The conclusion is inescapable that the concealment of the injury went to the very heart of the contract, made it void at its inception, and no one can predicate any rights upon it. Under such facts, “public policy” as well as elementary principles of law, support the finding of the trial court that “Hollis brothers, having no rights under said policy as against the insurance company by reason of their fraud, could not create for the claimant, Ernest Matlock, a right of recovery as against the company, which right oj recovery he did not have at the time oj ihe injury.” (Italics ours.) And it must be equally clear that the fact that under the contract, if valid, or perhaps if voidable only and uncanceled at the time of injury, the employee would have a direct right of action against the insurance company, cannot prevail to give a right of action under a contract void at its inception.
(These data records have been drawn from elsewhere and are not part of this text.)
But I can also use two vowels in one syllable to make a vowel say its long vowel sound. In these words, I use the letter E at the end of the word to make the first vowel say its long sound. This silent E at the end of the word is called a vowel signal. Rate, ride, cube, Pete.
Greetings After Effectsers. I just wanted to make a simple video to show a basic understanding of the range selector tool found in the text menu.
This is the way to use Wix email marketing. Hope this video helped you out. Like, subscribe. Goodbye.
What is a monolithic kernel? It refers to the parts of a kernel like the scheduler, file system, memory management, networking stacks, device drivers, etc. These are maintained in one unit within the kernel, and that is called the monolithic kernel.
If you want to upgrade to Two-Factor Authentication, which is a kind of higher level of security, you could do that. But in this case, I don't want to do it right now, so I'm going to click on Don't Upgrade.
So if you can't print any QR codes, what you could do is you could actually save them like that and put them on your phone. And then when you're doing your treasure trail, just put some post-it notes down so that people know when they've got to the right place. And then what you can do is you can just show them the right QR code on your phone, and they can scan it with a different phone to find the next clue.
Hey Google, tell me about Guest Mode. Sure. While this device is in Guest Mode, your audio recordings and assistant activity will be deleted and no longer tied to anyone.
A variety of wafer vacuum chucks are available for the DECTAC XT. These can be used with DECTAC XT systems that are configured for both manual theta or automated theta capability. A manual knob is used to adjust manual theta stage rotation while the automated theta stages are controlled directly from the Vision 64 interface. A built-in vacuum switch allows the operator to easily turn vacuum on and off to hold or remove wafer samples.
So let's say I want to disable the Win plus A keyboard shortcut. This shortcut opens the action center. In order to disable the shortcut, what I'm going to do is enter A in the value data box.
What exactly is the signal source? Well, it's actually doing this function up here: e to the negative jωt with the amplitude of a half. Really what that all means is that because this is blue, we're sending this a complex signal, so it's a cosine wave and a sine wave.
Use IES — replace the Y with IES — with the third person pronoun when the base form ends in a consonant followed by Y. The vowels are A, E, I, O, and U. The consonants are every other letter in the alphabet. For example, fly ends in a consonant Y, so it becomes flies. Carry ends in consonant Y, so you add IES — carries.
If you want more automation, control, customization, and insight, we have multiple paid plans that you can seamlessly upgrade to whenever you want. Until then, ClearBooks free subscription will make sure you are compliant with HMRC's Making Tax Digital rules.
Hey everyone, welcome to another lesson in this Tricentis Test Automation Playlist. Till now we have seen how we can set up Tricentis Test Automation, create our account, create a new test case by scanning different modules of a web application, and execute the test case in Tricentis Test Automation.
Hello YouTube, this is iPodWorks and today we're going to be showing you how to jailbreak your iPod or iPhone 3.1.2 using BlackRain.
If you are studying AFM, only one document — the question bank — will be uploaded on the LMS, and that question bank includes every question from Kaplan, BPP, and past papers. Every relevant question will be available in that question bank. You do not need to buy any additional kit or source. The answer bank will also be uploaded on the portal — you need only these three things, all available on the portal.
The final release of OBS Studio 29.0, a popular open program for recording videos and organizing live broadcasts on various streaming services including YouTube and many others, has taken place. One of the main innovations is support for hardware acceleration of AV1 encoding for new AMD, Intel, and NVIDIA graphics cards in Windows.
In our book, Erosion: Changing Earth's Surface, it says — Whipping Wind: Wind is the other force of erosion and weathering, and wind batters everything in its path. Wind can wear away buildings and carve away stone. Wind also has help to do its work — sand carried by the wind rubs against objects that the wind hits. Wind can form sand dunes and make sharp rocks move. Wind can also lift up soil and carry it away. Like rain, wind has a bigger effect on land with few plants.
The argument urged by appellee that refusal to validate the policy takes from the employee no rights, no relief, to which he was entitled when the accident occurred is wholly in harmony with what has already been said. It is in fact implicit in the legal principles we have discussed. He is not deprived of any rights, actual, apparent or potential, then existing. Had the policy been merely voidable through fraudulent representations not affecting the very existence of a risk, a different question would be presented.
The conclusion already stated makes it unnecessary to consider other contentions discussed in the excellent briefs presented by both parties.
No error is found. The judgment is affirmed.